Work required: Reproduce exactly the lines below from the one containing "Fundo De Nuvens" through the one containing "VW Passat Variant", including both, and nothing else.

Material for the task:
::::

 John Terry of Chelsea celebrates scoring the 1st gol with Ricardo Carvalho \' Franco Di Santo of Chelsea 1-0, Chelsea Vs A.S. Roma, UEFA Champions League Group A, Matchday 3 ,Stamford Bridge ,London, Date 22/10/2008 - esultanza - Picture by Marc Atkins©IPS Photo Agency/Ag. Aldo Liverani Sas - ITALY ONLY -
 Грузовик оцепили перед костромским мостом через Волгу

::::

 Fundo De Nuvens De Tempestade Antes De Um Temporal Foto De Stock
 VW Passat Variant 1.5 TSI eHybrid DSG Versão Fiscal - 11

::::

Solution:
 Fundo De Nuvens De Tempestade Antes De Um Temporal Foto De Stock
 VW Passat Variant 1.5 TSI eHybrid DSG Versão Fiscal - 11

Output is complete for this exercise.